Ce matin, les visiteurs qui auront effectué le trajet pour commémorer le 100e anniversaire de la bataille de la Somme entonneront à 7 heures 30 un « God Save the Queen » bien senti et rempli d’émotion en hommage à ces valeureux combattants dont la bravoure a fait en sorte qu’on se souvient maintenant du 1er juillet 1916 comme ayant été le jour le plus meurtrier de l’histoire britannique, ce moment où nous nous remémorons Ces Anglais morts pour la France pour reprendre le titre de l’excellent ouvrage de Jean-Michel Steg publié chez Fayard.
Retraçant les différentes facettes de cette bataille mémorielle, l’auteur nous rappelle les motivations stratégiques des planificateurs de cette intervention qui avait pour objectif d’enlever de la pression sur les Français à Verdun, mais qui se solda par un échec – notamment en raison du fait que les généraux britanniques avaient sous-estimé leurs adversaires, envoyant dans le no man’s land des « […] troupes britanniques [qui] vont devoir affronter des soldats allemands bien entraînés, au moral élevé, et protégé par des défenses denses et efficaces. » Avant de quitter leurs tranchées, les hommes vêtus de kaki étaient voués à être fauchés.
On peut également marcher au combat ces « […] soldats protestants [de la division de l’Ulster] dont certains se sont élancés en portant leur écharpe de l’ordre d’Orange », ces valeureux Terre-neuviens dont 90% des effectifs sont tombés au combat et dont la majorité ont « […] été frappés à découvert avant même d’avoir atteint leurs tranchées de départ » devant Beaumont-Hamel, ces Français qui, en compagnie des Britanniques combattant à leurs côtés, ont effectué une percée malheureusement inexploitée ou encore ces « […] Gordon’s Highlanders, qui ont finalement conquis la première ligne de tranchées allemande le 13 novembre 1916, dans les derniers jours de la bataille de la Somme. »
Au-delà des aspects techniques et propres à la geste militaire, c’est surtout l’épaisseur humaine du sacrifice de ces braves dont Jean-Michel Steg nous fait éloquemment prendre conscience qu’il faut retenir. On peut les compter sur les doigts d’une main, les ouvrages en français relatant les hauts faits d’armes des soldats de Sa Majesté durant la Première Guerre mondiale. Marchant sur les traces de Sir John Keegan et non moins dépourvu de l’insigne talent de cet illustre précurseur, l’auteur a donc le mérite bien senti d’apporter une contribution inestimable dans l’historiographie militaire.

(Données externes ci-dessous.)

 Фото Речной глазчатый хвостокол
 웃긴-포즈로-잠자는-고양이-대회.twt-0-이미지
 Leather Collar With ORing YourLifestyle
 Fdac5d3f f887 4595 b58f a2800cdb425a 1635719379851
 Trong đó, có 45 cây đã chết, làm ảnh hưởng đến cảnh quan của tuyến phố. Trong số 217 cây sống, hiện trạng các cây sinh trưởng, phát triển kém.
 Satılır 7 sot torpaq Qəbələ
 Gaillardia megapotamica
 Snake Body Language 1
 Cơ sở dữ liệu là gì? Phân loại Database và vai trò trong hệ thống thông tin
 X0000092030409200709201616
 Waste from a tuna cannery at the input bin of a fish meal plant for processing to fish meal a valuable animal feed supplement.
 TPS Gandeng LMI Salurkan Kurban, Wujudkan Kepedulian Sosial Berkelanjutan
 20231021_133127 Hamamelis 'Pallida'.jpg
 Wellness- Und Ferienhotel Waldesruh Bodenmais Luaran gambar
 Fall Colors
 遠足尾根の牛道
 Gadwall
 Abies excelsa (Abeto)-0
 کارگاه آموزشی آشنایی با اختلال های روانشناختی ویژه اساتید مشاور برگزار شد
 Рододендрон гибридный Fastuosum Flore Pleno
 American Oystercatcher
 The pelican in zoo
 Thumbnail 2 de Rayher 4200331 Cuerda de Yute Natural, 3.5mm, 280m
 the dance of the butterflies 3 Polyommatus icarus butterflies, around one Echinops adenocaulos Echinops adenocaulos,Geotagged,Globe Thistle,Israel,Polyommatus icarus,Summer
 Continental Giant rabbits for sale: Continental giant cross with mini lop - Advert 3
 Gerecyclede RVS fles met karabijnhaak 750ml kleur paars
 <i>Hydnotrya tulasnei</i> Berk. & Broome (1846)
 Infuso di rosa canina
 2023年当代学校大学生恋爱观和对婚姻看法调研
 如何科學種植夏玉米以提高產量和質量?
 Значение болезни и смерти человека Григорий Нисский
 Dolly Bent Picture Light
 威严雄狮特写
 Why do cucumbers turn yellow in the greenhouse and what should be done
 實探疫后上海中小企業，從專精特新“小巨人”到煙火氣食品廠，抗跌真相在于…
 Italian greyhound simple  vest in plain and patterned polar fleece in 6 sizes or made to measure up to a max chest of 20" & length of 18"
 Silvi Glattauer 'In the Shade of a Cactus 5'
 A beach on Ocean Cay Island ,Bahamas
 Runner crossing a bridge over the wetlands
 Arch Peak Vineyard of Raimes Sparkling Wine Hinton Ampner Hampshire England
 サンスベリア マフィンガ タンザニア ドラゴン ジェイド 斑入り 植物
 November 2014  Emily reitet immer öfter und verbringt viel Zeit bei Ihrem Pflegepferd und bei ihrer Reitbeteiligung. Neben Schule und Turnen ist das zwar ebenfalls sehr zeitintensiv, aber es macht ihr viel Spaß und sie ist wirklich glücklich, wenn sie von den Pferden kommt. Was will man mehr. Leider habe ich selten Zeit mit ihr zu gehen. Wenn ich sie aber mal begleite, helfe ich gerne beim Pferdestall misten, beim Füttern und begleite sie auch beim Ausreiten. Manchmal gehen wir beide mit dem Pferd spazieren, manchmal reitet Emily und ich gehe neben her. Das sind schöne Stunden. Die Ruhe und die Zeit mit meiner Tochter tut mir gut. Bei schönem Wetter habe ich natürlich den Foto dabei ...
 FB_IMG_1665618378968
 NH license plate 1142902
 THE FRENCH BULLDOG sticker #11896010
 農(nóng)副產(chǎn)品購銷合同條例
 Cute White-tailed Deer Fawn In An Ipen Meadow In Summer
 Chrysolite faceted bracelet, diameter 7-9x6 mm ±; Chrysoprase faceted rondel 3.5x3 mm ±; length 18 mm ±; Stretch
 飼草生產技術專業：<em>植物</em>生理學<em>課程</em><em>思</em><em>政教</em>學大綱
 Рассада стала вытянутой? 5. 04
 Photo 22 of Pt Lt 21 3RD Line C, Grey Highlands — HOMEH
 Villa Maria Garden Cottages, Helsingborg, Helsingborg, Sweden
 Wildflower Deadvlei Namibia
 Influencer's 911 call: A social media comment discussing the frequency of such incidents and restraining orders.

Ce matin, alors que je m’apprête à déployer mon unifolié et célébrer l’anniversaire de mon pays, le Canada, je ne pourrai m’empêcher de penser à ces Terre-neuviens qui ont consenti ces énormes sacrifices qui allaient les amener à rejoindre la confédération canadienne en 1949. Il en est de même de tous ces hommes – catholiques ou anglicans, Irlandais ou Écossais, professionnels des armes ou membres de la « nouvelle armée » de Kitchener, qui ont lancé un assaut impossible mais combien révélateur de cet esprit de sacrifice qui allait mener les Alliés à la victoire en 1918.
Un très bon moment de lecture, en définitive, que je ne saurais assez chaudement recommander à toute personne intéressée par la chose militaire ou l’étendue parfois inexplicable du courage humain.
Ces Anglais morts pour la France de Jean-Michel Steg, un titre qui figure maintenant parmi les meilleurs titres de ma bibliothèque.